* Task instructions
The lines to extract run from the first line of the entries through the line that contains "1715 Village Drive Lynden WA 98264"; reproduce exactly those lines and no others.

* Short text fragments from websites
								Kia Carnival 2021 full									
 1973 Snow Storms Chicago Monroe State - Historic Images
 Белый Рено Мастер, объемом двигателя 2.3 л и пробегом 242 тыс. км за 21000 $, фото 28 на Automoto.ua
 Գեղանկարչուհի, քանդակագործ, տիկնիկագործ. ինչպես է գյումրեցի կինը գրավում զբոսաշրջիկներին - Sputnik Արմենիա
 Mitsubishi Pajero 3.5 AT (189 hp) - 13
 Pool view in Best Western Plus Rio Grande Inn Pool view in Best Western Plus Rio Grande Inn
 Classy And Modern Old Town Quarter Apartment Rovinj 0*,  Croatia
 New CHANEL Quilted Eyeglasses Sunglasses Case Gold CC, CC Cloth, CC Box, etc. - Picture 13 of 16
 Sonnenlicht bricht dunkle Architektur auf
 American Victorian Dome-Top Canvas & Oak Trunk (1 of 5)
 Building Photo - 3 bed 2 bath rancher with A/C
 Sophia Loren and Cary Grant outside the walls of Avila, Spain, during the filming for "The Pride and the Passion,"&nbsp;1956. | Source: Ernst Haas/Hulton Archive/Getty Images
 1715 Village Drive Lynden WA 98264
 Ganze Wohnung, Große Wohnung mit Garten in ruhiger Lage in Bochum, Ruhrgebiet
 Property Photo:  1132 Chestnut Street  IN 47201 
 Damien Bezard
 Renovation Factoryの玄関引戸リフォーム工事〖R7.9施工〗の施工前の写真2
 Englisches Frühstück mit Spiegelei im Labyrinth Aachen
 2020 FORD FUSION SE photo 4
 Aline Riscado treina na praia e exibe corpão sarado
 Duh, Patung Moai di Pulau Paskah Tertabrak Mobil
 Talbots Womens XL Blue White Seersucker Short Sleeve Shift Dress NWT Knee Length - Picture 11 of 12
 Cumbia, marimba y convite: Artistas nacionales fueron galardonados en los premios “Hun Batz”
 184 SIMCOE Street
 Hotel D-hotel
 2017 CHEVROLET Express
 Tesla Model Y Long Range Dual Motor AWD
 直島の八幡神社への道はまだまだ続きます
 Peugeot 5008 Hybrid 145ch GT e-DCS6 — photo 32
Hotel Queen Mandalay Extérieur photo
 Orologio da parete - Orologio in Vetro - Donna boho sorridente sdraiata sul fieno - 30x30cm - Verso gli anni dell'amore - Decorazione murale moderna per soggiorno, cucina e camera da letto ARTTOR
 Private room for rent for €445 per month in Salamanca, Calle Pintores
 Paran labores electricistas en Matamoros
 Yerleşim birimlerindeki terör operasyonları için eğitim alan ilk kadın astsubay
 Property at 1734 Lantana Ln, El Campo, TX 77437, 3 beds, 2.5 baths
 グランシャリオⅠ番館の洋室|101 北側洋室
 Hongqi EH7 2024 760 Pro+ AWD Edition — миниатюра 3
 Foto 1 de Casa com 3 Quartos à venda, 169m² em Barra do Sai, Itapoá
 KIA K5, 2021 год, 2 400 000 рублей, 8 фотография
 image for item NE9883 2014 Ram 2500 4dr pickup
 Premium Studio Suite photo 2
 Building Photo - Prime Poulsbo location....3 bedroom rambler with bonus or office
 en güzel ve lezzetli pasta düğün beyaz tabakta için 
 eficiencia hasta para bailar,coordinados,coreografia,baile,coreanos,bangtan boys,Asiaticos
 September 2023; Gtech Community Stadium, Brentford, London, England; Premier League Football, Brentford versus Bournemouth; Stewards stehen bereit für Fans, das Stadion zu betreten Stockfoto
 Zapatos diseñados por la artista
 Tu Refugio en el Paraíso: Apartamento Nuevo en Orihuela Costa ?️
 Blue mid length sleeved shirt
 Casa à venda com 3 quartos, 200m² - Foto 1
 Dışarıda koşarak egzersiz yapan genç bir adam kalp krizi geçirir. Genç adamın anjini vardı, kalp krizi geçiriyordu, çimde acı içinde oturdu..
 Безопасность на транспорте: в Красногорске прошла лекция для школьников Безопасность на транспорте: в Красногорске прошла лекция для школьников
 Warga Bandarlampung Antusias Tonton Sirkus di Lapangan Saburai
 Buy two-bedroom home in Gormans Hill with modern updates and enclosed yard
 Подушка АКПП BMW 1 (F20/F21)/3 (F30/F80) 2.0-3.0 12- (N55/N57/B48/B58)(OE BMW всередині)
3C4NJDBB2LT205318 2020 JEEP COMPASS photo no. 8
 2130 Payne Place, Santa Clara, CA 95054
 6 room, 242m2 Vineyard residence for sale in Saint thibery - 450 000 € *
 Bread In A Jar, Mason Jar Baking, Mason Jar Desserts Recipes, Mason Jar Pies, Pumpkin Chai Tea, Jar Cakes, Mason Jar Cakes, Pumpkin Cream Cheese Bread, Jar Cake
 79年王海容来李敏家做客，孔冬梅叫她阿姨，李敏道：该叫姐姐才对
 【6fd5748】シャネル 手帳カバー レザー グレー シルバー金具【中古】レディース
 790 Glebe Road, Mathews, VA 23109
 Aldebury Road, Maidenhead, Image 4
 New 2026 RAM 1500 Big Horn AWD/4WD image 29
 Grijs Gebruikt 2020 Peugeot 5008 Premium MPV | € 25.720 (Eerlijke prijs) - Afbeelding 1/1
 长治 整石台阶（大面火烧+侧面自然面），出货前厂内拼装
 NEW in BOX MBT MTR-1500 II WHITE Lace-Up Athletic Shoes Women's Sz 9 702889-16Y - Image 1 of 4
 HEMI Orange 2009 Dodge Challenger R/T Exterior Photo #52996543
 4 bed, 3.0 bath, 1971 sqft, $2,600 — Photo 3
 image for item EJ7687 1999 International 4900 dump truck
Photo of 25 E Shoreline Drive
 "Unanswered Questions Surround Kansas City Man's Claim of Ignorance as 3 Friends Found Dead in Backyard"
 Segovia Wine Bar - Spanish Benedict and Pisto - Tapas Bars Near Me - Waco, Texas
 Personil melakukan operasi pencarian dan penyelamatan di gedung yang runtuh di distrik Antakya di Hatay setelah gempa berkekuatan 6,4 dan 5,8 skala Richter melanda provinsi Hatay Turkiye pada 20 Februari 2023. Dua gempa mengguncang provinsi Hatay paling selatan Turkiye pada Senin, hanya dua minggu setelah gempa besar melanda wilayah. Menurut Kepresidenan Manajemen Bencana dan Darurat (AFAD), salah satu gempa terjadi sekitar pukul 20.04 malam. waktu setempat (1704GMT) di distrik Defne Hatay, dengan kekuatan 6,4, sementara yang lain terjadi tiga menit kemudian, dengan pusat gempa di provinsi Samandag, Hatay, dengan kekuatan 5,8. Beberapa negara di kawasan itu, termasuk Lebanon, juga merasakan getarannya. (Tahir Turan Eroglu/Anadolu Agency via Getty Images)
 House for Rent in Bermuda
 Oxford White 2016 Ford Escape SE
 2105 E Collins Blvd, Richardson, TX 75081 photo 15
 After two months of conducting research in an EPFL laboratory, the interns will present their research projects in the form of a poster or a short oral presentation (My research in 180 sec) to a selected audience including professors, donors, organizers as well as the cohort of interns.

* Solution
								Kia Carnival 2021 full									
 1973 Snow Storms Chicago Monroe State - Historic Images
 Белый Рено Мастер, объемом двигателя 2.3 л и пробегом 242 тыс. км за 21000 $, фото 28 на Automoto.ua
 Գեղանկարչուհի, քանդակագործ, տիկնիկագործ. ինչպես է գյումրեցի կինը գրավում զբոսաշրջիկներին - Sputnik Արմենիա
 Mitsubishi Pajero 3.5 AT (189 hp) - 13
 Pool view in Best Western Plus Rio Grande Inn Pool view in Best Western Plus Rio Grande Inn
 Classy And Modern Old Town Quarter Apartment Rovinj 0*,  Croatia
 New CHANEL Quilted Eyeglasses Sunglasses Case Gold CC, CC Cloth, CC Box, etc. - Picture 13 of 16
 Sonnenlicht bricht dunkle Architektur auf
 American Victorian Dome-Top Canvas & Oak Trunk (1 of 5)
 Building Photo - 3 bed 2 bath rancher with A/C
 Sophia Loren and Cary Grant outside the walls of Avila, Spain, during the filming for "The Pride and the Passion,"&nbsp;1956. | Source: Ernst Haas/Hulton Archive/Getty Images
 1715 Village Drive Lynden WA 98264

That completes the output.